Rethinking SoC Architectures
Thursday, May 24th, 2012By Ed Sperling and John Blyler
Virtualization and coherency, two concepts that can trace their origins back several decades, are suddenly gaining attention these days—but for entirely different reasons and uses.
A good way to think about virtualization is as an opportunistic use of available resources. Rather than waiting in a queue for a single processor core in a multicore SoC, for example, virtualization allows a compute task to take advantage of whatever processor is available if another is in use.
The concept is hardly a new one. Virtualization was invented by IBM in the late 1960s as a way of running batch processing while also still doing other work. But virtualization also creates a challenge for keeping caches in sync, which is why the concept of cache coherency was created. And as more cores are added into SoCs, rather than more processors within a single machine or on multiple machines, cache coherency has moved from mainframe to PC to processor and now across multiple processor cores.

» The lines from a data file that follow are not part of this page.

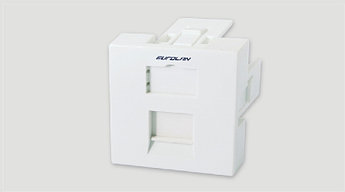 Eurolan Адаптер 1М для одного информационного модуля Keystone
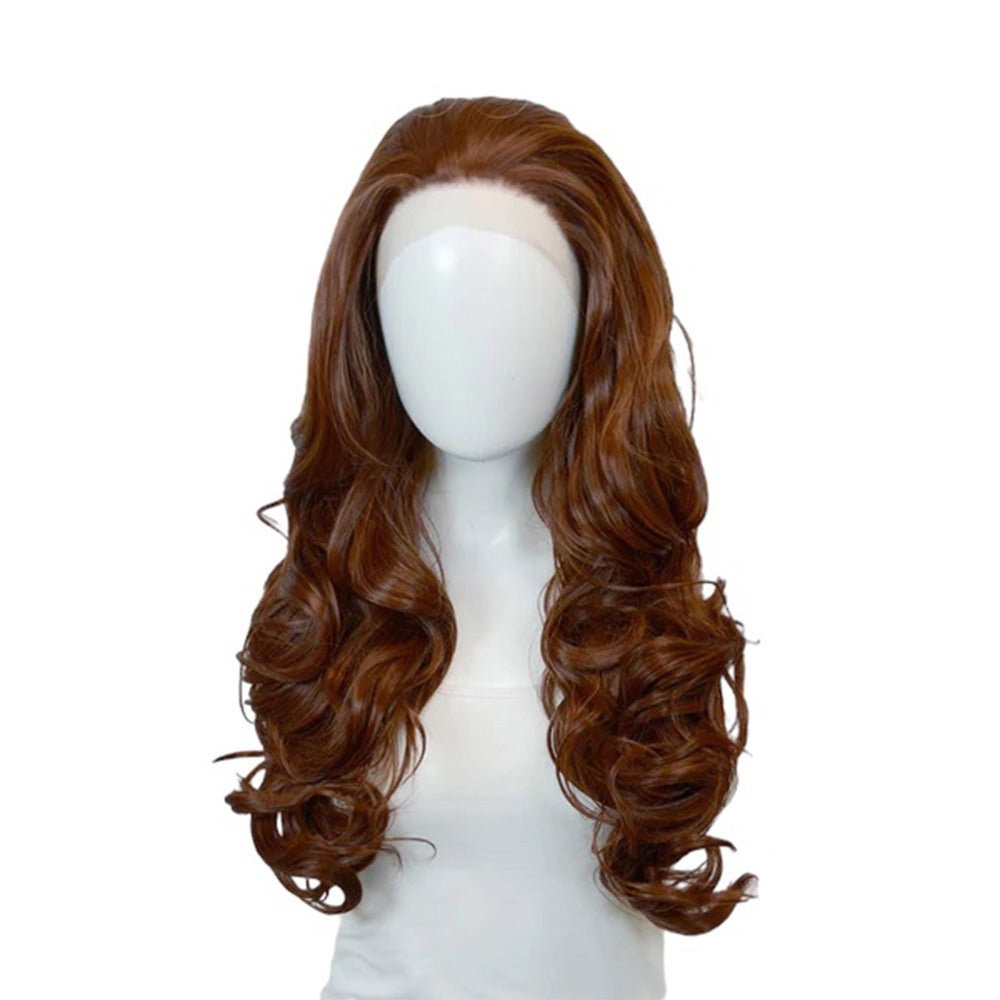 Epic Cosplay Astraea Wig Light Brown Front View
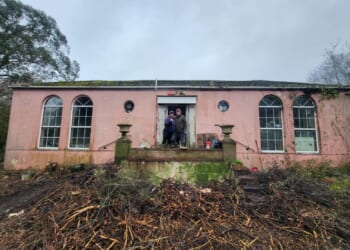 We shelled out £200k for abandoned UK home without stepping foot inside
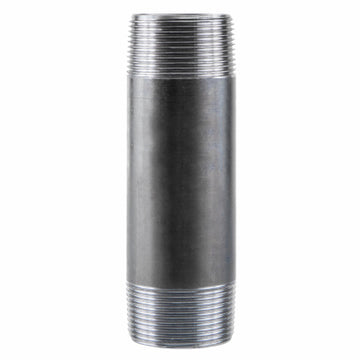 B & K/Mueller Inds(import) 587-045HC 1-1/2x4-1/2 BLK Nipple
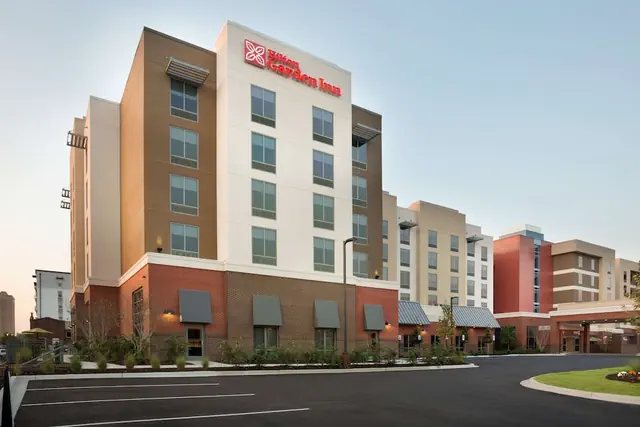 Photo 1 - Hilton Garden Inn Downtown Birmingham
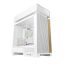 DeepCool CL6600 Tempered Glass White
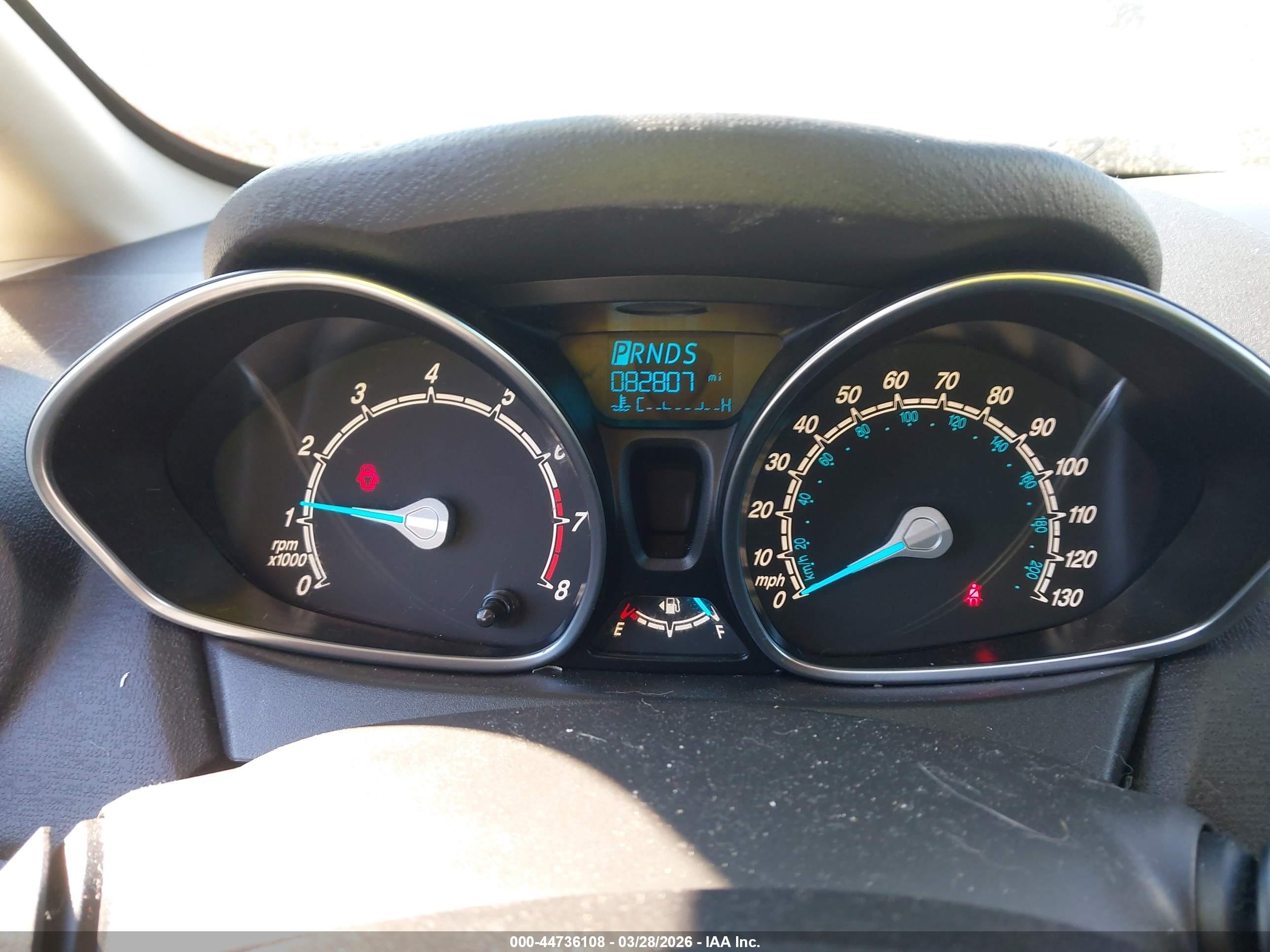 2019 Ford Fiesta Se Black vin: 3FADP4BJ5KM117203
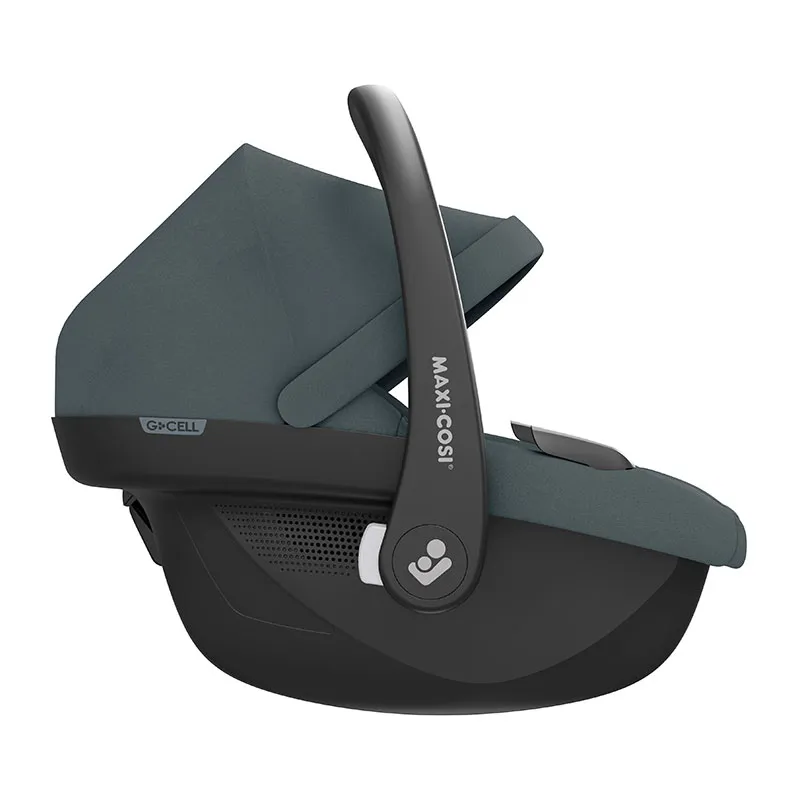 Siège-auto Pebble S I-Size/Isofix 40-75cm - Tonal Graphite-4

What’s changing now is that these concepts are spreading well beyond just the processors. Virtualization is being applied to memory, storage, I/O and graphics processing units (GPU)s. But to make all of that work efficiently coherency will have to grow well beyond just the cache, and that may prove to be a very difficult problem, particularly in a multivendor ecosystem.
The starting point
Much of this shift has come into focus inside large data centers over the past decade as a way of reducing costs. In the 1990s, the availability of inexpensive blade servers and ever-increasing density made it possible to begin replacing expensive mainframes and minicomputers with off-the-shelf commodity machines. You could stuff them into a single cabinet and blast in chilled air to cool them sufficiently. Two things happened to change this equation. One is that the cost of electricity suddenly went up, because these cabinets were running hotter than ever before as density and current leakage increased. The second was that data centers had bought so many servers over a period of 15 years that just the cost of keeping them running was beginning to show up as seven-figure annual expenses for many large data centers.

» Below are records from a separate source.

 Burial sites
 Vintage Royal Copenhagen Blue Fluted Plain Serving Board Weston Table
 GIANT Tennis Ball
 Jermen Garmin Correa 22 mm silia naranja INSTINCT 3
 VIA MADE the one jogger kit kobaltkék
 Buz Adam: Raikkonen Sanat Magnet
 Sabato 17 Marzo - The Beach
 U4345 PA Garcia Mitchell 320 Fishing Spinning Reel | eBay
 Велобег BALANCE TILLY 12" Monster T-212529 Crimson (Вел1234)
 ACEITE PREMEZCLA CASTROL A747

Virtualization proved an effective way of reducing that cost because it allowed data centers to increase server utilization from an average of 5% to 15% utilization all the way up to 85% or more. That meant fewer servers overall, less electricity, less heat to remove, and far more available real estate. But with that problem now under control—at least for the moment—data center managers have shifted their attention to the exponential rise in the amount of data being stored. In the 1990s, most of the data was simply text or code. It is now a combination of text, video, data and voice, raising the same kinds of fiscal red flags about powering and cooling storage as servers prior to virtualization.
“What we’re seeing now is a move toward virtualized storage,” said Bob Pierce, flash business development group director at Cadence. “The next step is to merge storage and memory, which is why we’re seeing such strong interest in PCI Express. It’s a great transport vehicle. We’re also going to see back-end storage mixing with front-end storage data. What’s in between will be cache in the form of virtualized memory.”
This more fluid boundary between storage and cache has ramifications at all levels of design. It can affect everything from a processor to multiple processor cores on a single SoC, on multiple chips in a stacked die, and on multiple systems in a grid or mesh network.
“What’s happening is that you’re moving the back end closer to the processor,” said Pierce. “It changes the way big data and databases will be addressed in the future. If you have four CPUs, you can take them and, using PCI Express, prioritize them into a given drive sector and share them. That’s where all the VC startup money is these days. It’s the ability to configure servers for the function necessary at any given time. But you also have to virtualize storage and memory, and it has to be done dynamically.”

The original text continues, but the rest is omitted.